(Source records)
──────────
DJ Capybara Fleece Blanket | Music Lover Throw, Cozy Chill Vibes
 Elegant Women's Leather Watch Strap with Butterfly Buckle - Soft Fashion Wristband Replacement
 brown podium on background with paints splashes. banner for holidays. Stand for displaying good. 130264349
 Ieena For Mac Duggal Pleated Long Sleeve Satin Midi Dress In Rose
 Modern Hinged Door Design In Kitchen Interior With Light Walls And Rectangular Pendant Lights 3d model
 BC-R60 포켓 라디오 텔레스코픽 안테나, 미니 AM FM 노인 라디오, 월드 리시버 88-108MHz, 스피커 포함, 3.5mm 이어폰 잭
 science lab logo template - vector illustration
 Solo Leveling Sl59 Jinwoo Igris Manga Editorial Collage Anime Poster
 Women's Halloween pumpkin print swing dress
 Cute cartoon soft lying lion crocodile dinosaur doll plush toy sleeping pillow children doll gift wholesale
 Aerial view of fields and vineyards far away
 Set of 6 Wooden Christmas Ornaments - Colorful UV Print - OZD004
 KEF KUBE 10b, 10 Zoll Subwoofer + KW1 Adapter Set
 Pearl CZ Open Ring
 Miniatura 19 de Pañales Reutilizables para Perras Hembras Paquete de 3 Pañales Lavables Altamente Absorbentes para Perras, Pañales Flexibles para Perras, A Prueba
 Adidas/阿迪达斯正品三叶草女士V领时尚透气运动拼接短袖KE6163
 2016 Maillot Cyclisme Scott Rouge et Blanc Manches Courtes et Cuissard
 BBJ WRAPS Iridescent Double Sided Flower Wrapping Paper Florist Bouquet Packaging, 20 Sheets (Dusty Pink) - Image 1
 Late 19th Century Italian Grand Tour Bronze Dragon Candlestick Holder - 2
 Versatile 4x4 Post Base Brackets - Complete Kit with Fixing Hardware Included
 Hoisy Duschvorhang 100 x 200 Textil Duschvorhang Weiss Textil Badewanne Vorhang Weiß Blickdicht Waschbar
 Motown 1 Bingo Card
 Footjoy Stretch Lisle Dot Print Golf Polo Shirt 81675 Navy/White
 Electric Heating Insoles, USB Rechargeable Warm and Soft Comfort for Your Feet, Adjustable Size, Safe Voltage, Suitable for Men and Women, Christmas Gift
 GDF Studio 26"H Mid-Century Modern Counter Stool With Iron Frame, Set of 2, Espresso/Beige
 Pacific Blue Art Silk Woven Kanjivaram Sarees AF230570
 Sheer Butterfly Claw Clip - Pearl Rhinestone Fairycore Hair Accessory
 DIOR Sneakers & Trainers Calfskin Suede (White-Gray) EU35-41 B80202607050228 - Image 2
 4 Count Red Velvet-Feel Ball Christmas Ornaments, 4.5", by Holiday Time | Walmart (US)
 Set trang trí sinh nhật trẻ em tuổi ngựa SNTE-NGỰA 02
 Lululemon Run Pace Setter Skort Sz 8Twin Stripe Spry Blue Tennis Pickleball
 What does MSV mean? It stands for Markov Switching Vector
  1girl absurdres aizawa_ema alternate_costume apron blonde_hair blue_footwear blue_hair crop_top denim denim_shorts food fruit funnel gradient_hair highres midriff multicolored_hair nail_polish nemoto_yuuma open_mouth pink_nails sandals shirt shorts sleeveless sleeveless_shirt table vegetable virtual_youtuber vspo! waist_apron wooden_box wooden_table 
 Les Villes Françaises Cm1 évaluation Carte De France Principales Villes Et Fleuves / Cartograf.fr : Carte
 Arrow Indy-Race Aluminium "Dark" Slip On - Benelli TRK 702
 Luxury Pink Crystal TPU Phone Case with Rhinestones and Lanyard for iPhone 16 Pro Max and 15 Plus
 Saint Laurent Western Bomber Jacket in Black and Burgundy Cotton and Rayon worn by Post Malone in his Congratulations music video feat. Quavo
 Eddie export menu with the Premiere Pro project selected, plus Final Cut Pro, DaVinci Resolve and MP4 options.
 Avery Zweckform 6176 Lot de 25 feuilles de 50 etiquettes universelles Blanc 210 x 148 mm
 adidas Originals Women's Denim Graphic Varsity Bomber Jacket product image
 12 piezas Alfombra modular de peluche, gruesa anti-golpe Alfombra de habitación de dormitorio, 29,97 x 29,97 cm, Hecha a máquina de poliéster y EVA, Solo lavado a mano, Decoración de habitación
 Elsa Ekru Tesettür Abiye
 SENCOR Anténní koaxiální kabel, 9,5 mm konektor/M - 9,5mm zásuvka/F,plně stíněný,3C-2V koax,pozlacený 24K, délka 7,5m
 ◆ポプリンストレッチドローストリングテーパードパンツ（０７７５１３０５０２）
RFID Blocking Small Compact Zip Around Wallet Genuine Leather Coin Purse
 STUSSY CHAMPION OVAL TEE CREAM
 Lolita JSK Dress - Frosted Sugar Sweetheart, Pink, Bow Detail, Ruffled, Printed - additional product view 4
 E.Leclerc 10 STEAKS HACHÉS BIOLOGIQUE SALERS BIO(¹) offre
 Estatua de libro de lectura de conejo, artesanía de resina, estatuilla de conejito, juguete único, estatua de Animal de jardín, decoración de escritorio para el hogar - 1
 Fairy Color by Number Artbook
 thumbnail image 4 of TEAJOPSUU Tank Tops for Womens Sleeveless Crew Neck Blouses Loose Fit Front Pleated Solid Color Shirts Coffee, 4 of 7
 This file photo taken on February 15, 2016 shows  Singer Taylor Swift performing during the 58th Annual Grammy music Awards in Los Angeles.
──────────
**EXERCISE INSTRUCTIONS:**
The data given before this task must be transcribed exactly and in full.

**WORKED SOLUTION:**
DJ Capybara Fleece Blanket | Music Lover Throw, Cozy Chill Vibes
 Elegant Women's Leather Watch Strap with Butterfly Buckle - Soft Fashion Wristband Replacement
 brown podium on background with paints splashes. banner for holidays. Stand for displaying good. 130264349
 Ieena For Mac Duggal Pleated Long Sleeve Satin Midi Dress In Rose
 Modern Hinged Door Design In Kitchen Interior With Light Walls And Rectangular Pendant Lights 3d model
 BC-R60 포켓 라디오 텔레스코픽 안테나, 미니 AM FM 노인 라디오, 월드 리시버 88-108MHz, 스피커 포함, 3.5mm 이어폰 잭
 science lab logo template - vector illustration
 Solo Leveling Sl59 Jinwoo Igris Manga Editorial Collage Anime Poster
 Women's Halloween pumpkin print swing dress
 Cute cartoon soft lying lion crocodile dinosaur doll plush toy sleeping pillow children doll gift wholesale
 Aerial view of fields and vineyards far away
 Set of 6 Wooden Christmas Ornaments - Colorful UV Print - OZD004
 KEF KUBE 10b, 10 Zoll Subwoofer + KW1 Adapter Set
 Pearl CZ Open Ring
 Miniatura 19 de Pañales Reutilizables para Perras Hembras Paquete de 3 Pañales Lavables Altamente Absorbentes para Perras, Pañales Flexibles para Perras, A Prueba
 Adidas/阿迪达斯正品三叶草女士V领时尚透气运动拼接短袖KE6163
 2016 Maillot Cyclisme Scott Rouge et Blanc Manches Courtes et Cuissard
 BBJ WRAPS Iridescent Double Sided Flower Wrapping Paper Florist Bouquet Packaging, 20 Sheets (Dusty Pink) - Image 1
 Late 19th Century Italian Grand Tour Bronze Dragon Candlestick Holder - 2
 Versatile 4x4 Post Base Brackets - Complete Kit with Fixing Hardware Included
 Hoisy Duschvorhang 100 x 200 Textil Duschvorhang Weiss Textil Badewanne Vorhang Weiß Blickdicht Waschbar
 Motown 1 Bingo Card
 Footjoy Stretch Lisle Dot Print Golf Polo Shirt 81675 Navy/White
 Electric Heating Insoles, USB Rechargeable Warm and Soft Comfort for Your Feet, Adjustable Size, Safe Voltage, Suitable for Men and Women, Christmas Gift
 GDF Studio 26"H Mid-Century Modern Counter Stool With Iron Frame, Set of 2, Espresso/Beige
 Pacific Blue Art Silk Woven Kanjivaram Sarees AF230570
 Sheer Butterfly Claw Clip - Pearl Rhinestone Fairycore Hair Accessory
 DIOR Sneakers & Trainers Calfskin Suede (White-Gray) EU35-41 B80202607050228 - Image 2
 4 Count Red Velvet-Feel Ball Christmas Ornaments, 4.5", by Holiday Time | Walmart (US)
 Set trang trí sinh nhật trẻ em tuổi ngựa SNTE-NGỰA 02
 Lululemon Run Pace Setter Skort Sz 8Twin Stripe Spry Blue Tennis Pickleball
 What does MSV mean? It stands for Markov Switching Vector
  1girl absurdres aizawa_ema alternate_costume apron blonde_hair blue_footwear blue_hair crop_top denim denim_shorts food fruit funnel gradient_hair highres midriff multicolored_hair nail_polish nemoto_yuuma open_mouth pink_nails sandals shirt shorts sleeveless sleeveless_shirt table vegetable virtual_youtuber vspo! waist_apron wooden_box wooden_table 
 Les Villes Françaises Cm1 évaluation Carte De France Principales Villes Et Fleuves / Cartograf.fr : Carte
 Arrow Indy-Race Aluminium "Dark" Slip On - Benelli TRK 702
 Luxury Pink Crystal TPU Phone Case with Rhinestones and Lanyard for iPhone 16 Pro Max and 15 Plus
 Saint Laurent Western Bomber Jacket in Black and Burgundy Cotton and Rayon worn by Post Malone in his Congratulations music video feat. Quavo
 Eddie export menu with the Premiere Pro project selected, plus Final Cut Pro, DaVinci Resolve and MP4 options.
 Avery Zweckform 6176 Lot de 25 feuilles de 50 etiquettes universelles Blanc 210 x 148 mm
 adidas Originals Women's Denim Graphic Varsity Bomber Jacket product image
 12 piezas Alfombra modular de peluche, gruesa anti-golpe Alfombra de habitación de dormitorio, 29,97 x 29,97 cm, Hecha a máquina de poliéster y EVA, Solo lavado a mano, Decoración de habitación
 Elsa Ekru Tesettür Abiye
 SENCOR Anténní koaxiální kabel, 9,5 mm konektor/M - 9,5mm zásuvka/F,plně stíněný,3C-2V koax,pozlacený 24K, délka 7,5m
 ◆ポプリンストレッチドローストリングテーパードパンツ（０７７５１３０５０２）
RFID Blocking Small Compact Zip Around Wallet Genuine Leather Coin Purse
 STUSSY CHAMPION OVAL TEE CREAM
 Lolita JSK Dress - Frosted Sugar Sweetheart, Pink, Bow Detail, Ruffled, Printed - additional product view 4
 E.Leclerc 10 STEAKS HACHÉS BIOLOGIQUE SALERS BIO(¹) offre
 Estatua de libro de lectura de conejo, artesanía de resina, estatuilla de conejito, juguete único, estatua de Animal de jardín, decoración de escritorio para el hogar - 1
 Fairy Color by Number Artbook
 thumbnail image 4 of TEAJOPSUU Tank Tops for Womens Sleeveless Crew Neck Blouses Loose Fit Front Pleated Solid Color Shirts Coffee, 4 of 7
 This file photo taken on February 15, 2016 shows  Singer Taylor Swift performing during the 58th Annual Grammy music Awards in Los Angeles.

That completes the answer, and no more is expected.